EXERCISE DESCRIPTION
For the listing below, print exactly the lines from the line with "Founder of a" to the line with "bàn trang điểm có bồn rửa GGM33", both included, and nothing beyond them.

##############################

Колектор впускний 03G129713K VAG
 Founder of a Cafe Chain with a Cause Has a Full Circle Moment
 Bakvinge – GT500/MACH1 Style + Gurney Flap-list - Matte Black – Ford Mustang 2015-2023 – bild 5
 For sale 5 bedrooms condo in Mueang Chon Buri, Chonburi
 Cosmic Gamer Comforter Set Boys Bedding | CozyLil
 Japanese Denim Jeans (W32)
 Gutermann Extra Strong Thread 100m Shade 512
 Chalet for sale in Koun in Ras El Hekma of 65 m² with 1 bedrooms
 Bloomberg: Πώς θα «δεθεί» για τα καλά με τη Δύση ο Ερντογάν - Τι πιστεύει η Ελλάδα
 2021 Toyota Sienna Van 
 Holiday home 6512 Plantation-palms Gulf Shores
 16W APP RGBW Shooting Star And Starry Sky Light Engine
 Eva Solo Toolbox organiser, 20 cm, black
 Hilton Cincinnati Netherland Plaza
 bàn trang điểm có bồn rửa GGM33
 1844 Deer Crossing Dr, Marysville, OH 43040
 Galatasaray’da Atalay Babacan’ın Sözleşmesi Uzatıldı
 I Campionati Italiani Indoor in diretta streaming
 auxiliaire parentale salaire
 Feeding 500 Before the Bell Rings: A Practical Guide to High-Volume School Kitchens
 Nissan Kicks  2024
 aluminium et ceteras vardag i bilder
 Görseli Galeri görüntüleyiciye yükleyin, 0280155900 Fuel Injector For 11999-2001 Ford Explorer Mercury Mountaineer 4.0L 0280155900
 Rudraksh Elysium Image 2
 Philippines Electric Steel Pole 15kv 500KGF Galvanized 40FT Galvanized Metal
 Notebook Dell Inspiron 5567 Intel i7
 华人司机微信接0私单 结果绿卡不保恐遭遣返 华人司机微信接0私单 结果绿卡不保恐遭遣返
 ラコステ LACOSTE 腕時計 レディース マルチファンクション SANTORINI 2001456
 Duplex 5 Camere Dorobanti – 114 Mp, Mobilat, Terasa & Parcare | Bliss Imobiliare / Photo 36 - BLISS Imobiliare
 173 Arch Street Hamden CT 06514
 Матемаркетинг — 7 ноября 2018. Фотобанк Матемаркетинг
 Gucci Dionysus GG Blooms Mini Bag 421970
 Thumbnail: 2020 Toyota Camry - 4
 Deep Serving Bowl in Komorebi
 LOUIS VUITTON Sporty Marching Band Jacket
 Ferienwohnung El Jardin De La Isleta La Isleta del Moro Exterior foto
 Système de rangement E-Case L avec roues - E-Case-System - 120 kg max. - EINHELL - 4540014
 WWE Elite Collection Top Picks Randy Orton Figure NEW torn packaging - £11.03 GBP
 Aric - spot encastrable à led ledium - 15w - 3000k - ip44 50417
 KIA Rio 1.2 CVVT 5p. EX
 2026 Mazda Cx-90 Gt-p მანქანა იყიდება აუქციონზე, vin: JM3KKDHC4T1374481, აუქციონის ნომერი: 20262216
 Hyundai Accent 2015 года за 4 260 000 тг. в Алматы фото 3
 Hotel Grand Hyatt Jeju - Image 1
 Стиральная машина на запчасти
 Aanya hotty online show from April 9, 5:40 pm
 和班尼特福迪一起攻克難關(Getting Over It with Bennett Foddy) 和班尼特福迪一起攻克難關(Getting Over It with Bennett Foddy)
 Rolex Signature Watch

##############################

RESPONSE TO THE EXERCISE
 Founder of a Cafe Chain with a Cause Has a Full Circle Moment
 Bakvinge – GT500/MACH1 Style + Gurney Flap-list - Matte Black – Ford Mustang 2015-2023 – bild 5
 For sale 5 bedrooms condo in Mueang Chon Buri, Chonburi
 Cosmic Gamer Comforter Set Boys Bedding | CozyLil
 Japanese Denim Jeans (W32)
 Gutermann Extra Strong Thread 100m Shade 512
 Chalet for sale in Koun in Ras El Hekma of 65 m² with 1 bedrooms
 Bloomberg: Πώς θα «δεθεί» για τα καλά με τη Δύση ο Ερντογάν - Τι πιστεύει η Ελλάδα
 2021 Toyota Sienna Van 
 Holiday home 6512 Plantation-palms Gulf Shores
 16W APP RGBW Shooting Star And Starry Sky Light Engine
 Eva Solo Toolbox organiser, 20 cm, black
 Hilton Cincinnati Netherland Plaza
 bàn trang điểm có bồn rửa GGM33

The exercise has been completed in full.